Le altre due coppie sbocciate nel salotto tv di Maria De Filippi, Giulia Cavaglià con Manuel Galiano e Angela Nasti con Alessio Campoli, sono scoppiate subito.

“Io non do la colpa a nessuno di loro – ha esordito Natalia -, perché Uomini e Donne, ve lo ripeto, è un programma televisivo dove se si trova l’amore, bene, se non si trova giustamente si esce con una persona per cui hai una preferenza, per cui provi qualcosa in più rispetto all’altra, che ti piace fisicamente Ci sono solo pochissime ore a settimana per vedersi, mi dite come, se una persona non ha preso un colpo di fulmine, fa a capirlo? Allora sceglie quella persona per capire com’è fuori, e se non scatta nemmeno fuori, come deve fare? Non è colpa di nessuno. Io sinceramente non mi sono sorpresa che si sono lasciati – ha aggiunto -, visto che io ho provato cosa vuol dire stare dentro Uomini e Donne. Non si può trovare sempre l’amore e nemmeno voi dovete aspettarvi che le persone che stanno dentro possano davvero trovare la persona giusta. Tu scegli una persona che ti può piacere per delle cose, ma fuori è tutt’altra cosa”.

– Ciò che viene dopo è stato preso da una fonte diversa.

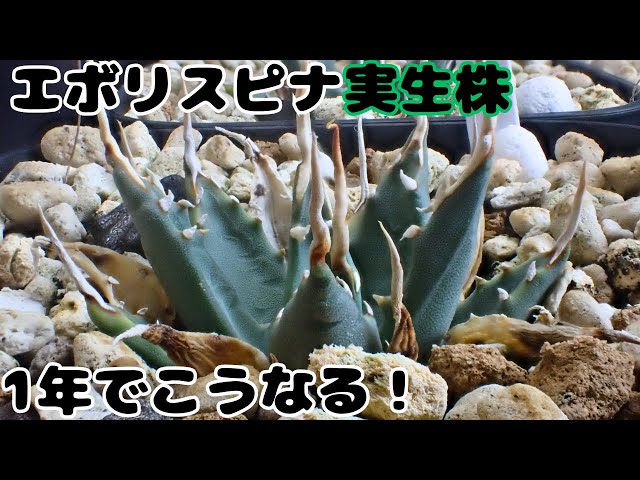 Introducing the first year Eborispina seedlings! - YouTube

Natalia si è poi soffermata sulla sua liaison con Zelletta: “Io e Andrea eravamo in una bolla fuori. Pensavamo di essere ancora sotto telecamere, non era così facile conoscersi. Ti conosci in un modo diverso. Io non pensavo che Andrea fosse così e lui di me la stessa cosa. Per me la cosa più bella di Andrea è che un uomo, un uomo diverso da tutti gli altri, che pensa alle cose serie non alle cavolate. Se durerà? Ragazzi, queste cose nessuno può saperle, nemmeno io, mi piacerebbe, ma non si può, si vedrà col tempo. Perché ho detto che una famiglia già c’è? Perché ci siamo già io e Andrea. Per me questo è già famiglia, non vuol dire per forza che ci deve essere un bambino o altre cose”.